= What you need to do =
Only the lines from the one containing "Отель Wyndham Garden" to the end of the data should be copied, exactly and without pictures.

= Information supplied =
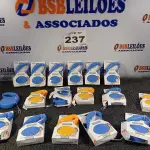 LOTE 237 - 17 - GUIAS RETRÁTIL P/COLEIRA 5 METROS PARA PETS COM TRAVA (NO ESTADO, NÃO SABEMOS SE FUNCIONA. LEILÃO NÃO TEM GARANTIA E NEM DEVOLUÇÃO, SUJEITO A POSSÍVEIS AVARIAS VISÍVEIS/OCULTAS E/OU AUSÊNCIA DE COMPONENTES)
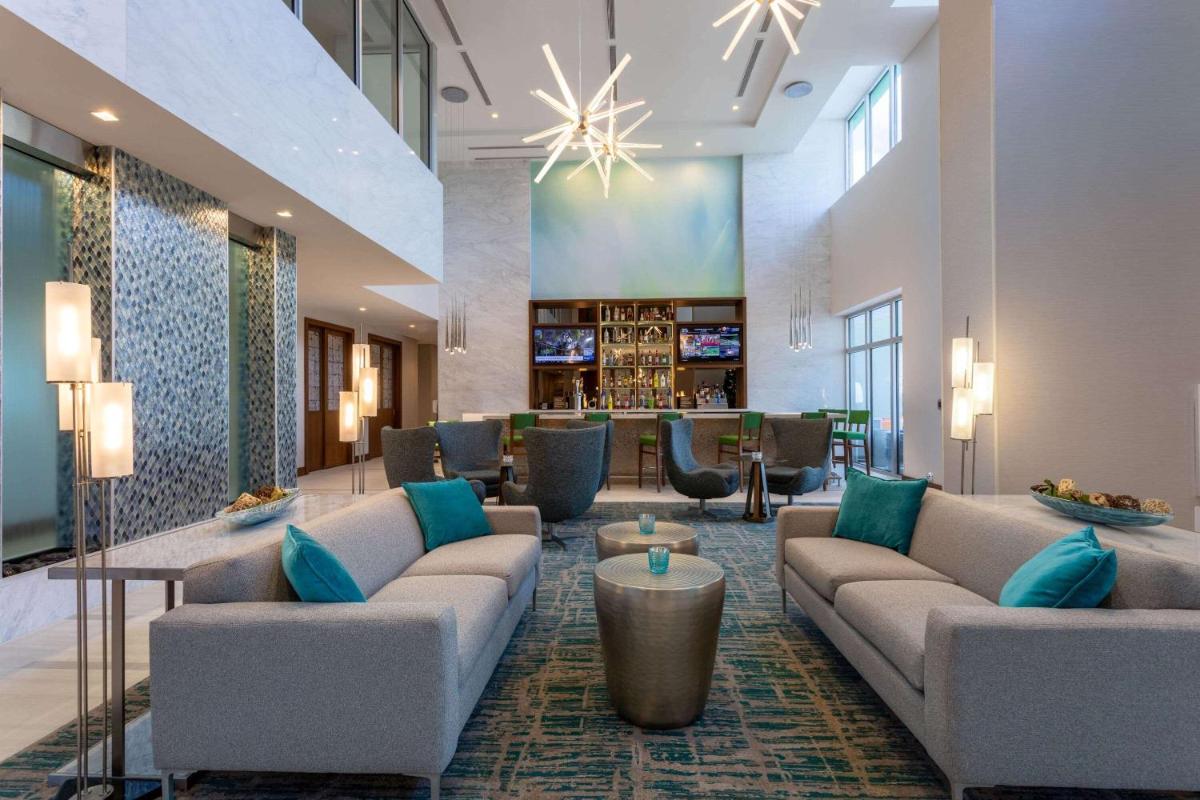 Отель Wyndham Garden Miami International Airport
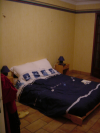 Chambre: lit et tables de nuit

= Task response =
 Отель Wyndham Garden Miami International Airport
 Chambre: lit et tables de nuit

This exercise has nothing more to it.